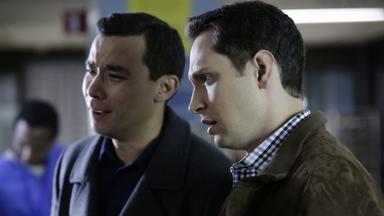 Lecciones del Crimen 3x9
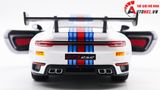  Mô hình xe Porsche 911 Gt3 Rsr đánh lái được full open 1:24 Miniauto OT404 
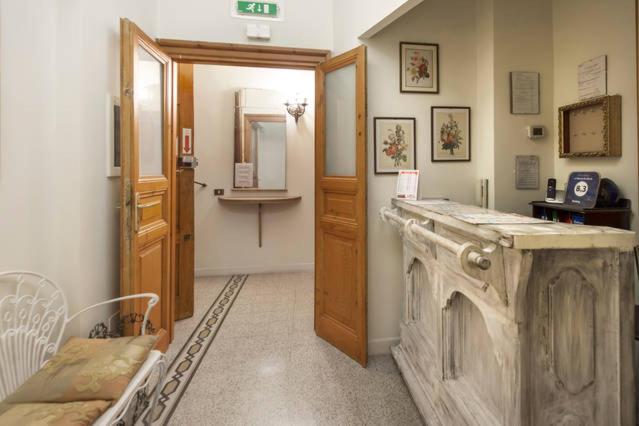 Maison de Marta, Rome, Italien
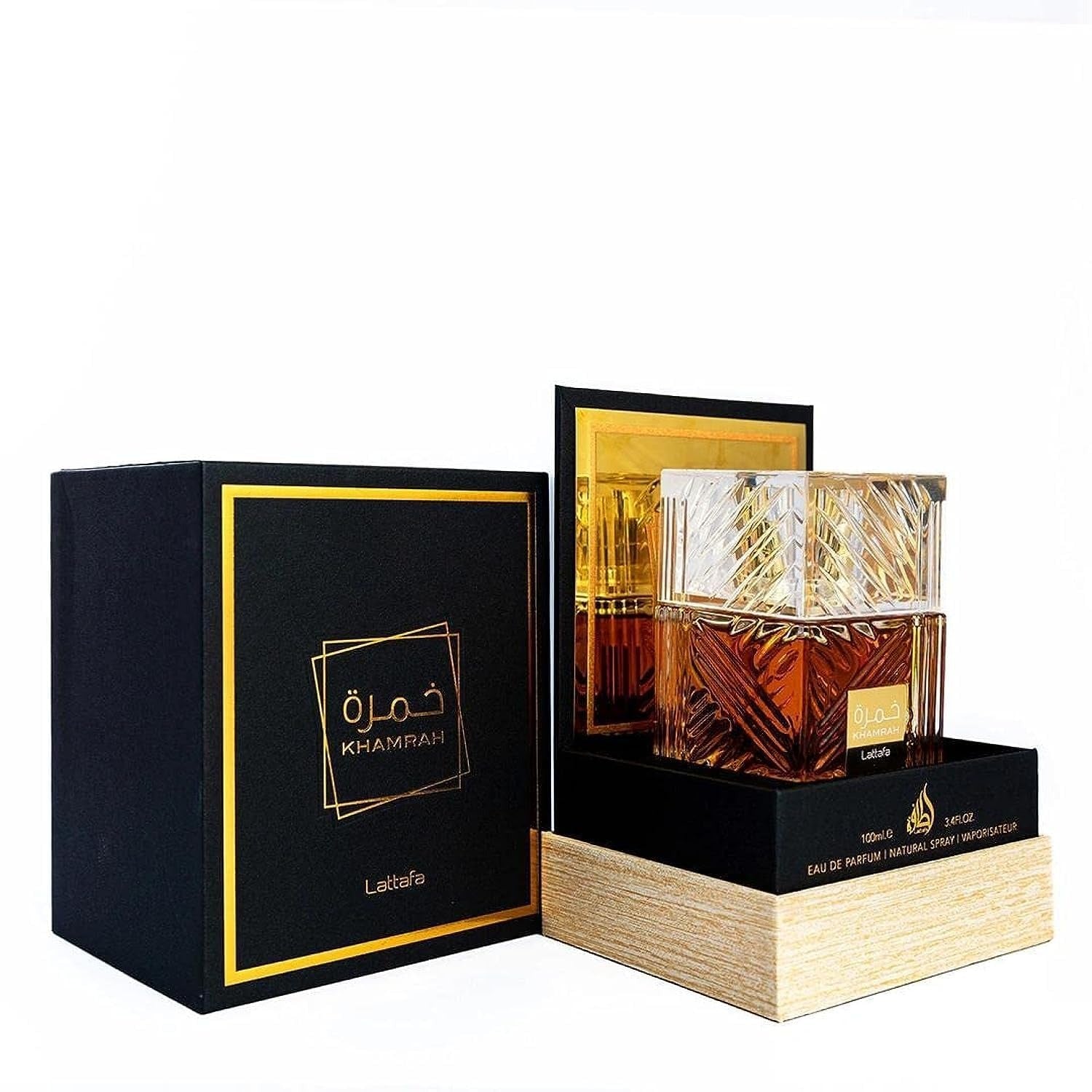 Decants 10ml Lattafa Khamrah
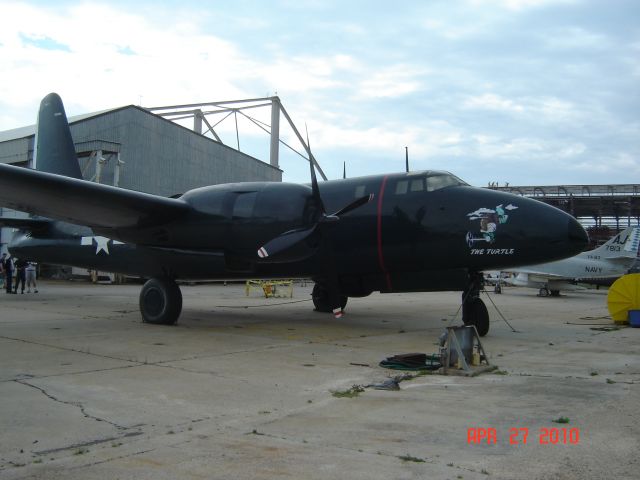 Lockheed P-2 Neptune (BUNO89082) - BuNo 89082 C/N 26-1003 Neptune P2V-1 "The Truculent Turtle" NAS Pensacola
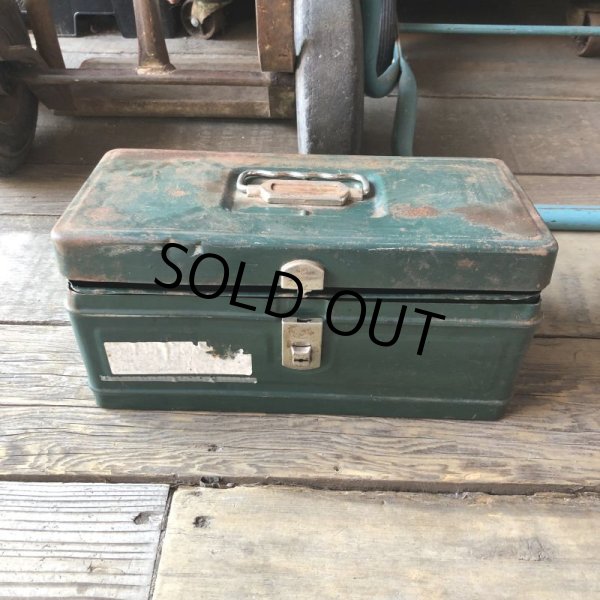 画像1: Vintage Tool Box CLIMAX (M595) (1)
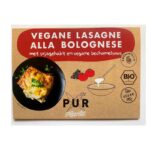 Pur Plants lasagne alla bolognese
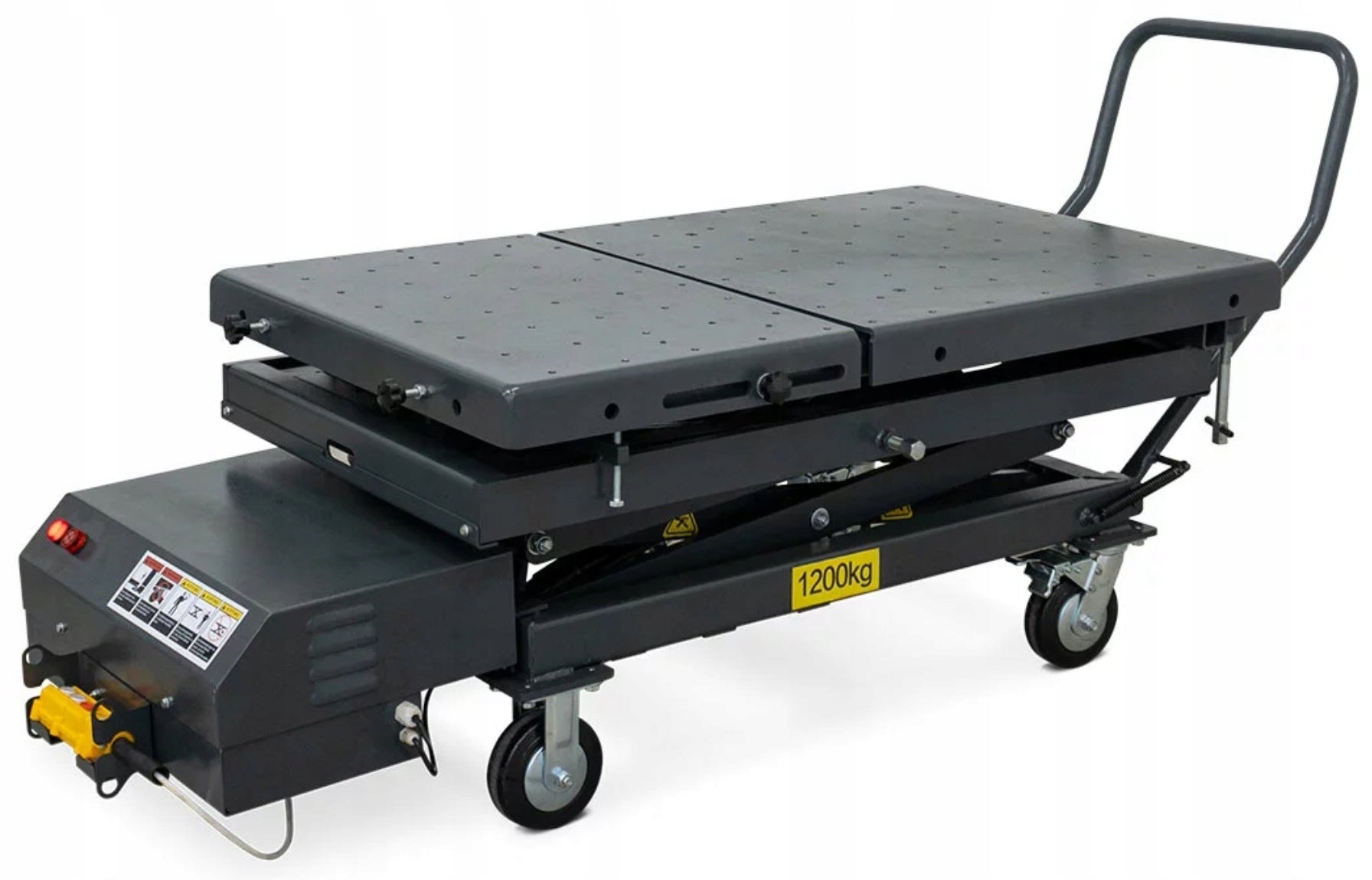BATTERY REPLACEMENT LIFT FOR ELECTRIC AND HYBRID VEHICLES TC1200 Manufacturer code TC1200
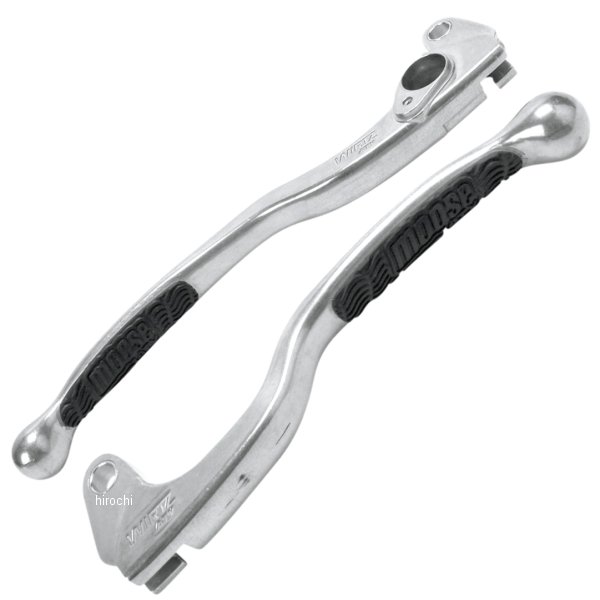 レバー 96年-02年 ヤマハ YFS200 黒(左右ペア)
#####
WHAT IS REQUIRED
Your answer should set down the listing verbatim and leave out its images.

SOLUTION FOR THIS TASK
 Lecciones del Crimen 3x9
  Mô hình xe Porsche 911 Gt3 Rsr đánh lái được full open 1:24 Miniauto OT404 
 Maison de Marta, Rome, Italien
 Decants 10ml Lattafa Khamrah
 Lockheed P-2 Neptune (BUNO89082) - BuNo 89082 C/N 26-1003 Neptune P2V-1 "The Truculent Turtle" NAS Pensacola
 画像1: Vintage Tool Box CLIMAX (M595) (1)
 Pur Plants lasagne alla bolognese
BATTERY REPLACEMENT LIFT FOR ELECTRIC AND HYBRID VEHICLES TC1200 Manufacturer code TC1200
 レバー 96年-02年 ヤマハ YFS200 黒(左右ペア)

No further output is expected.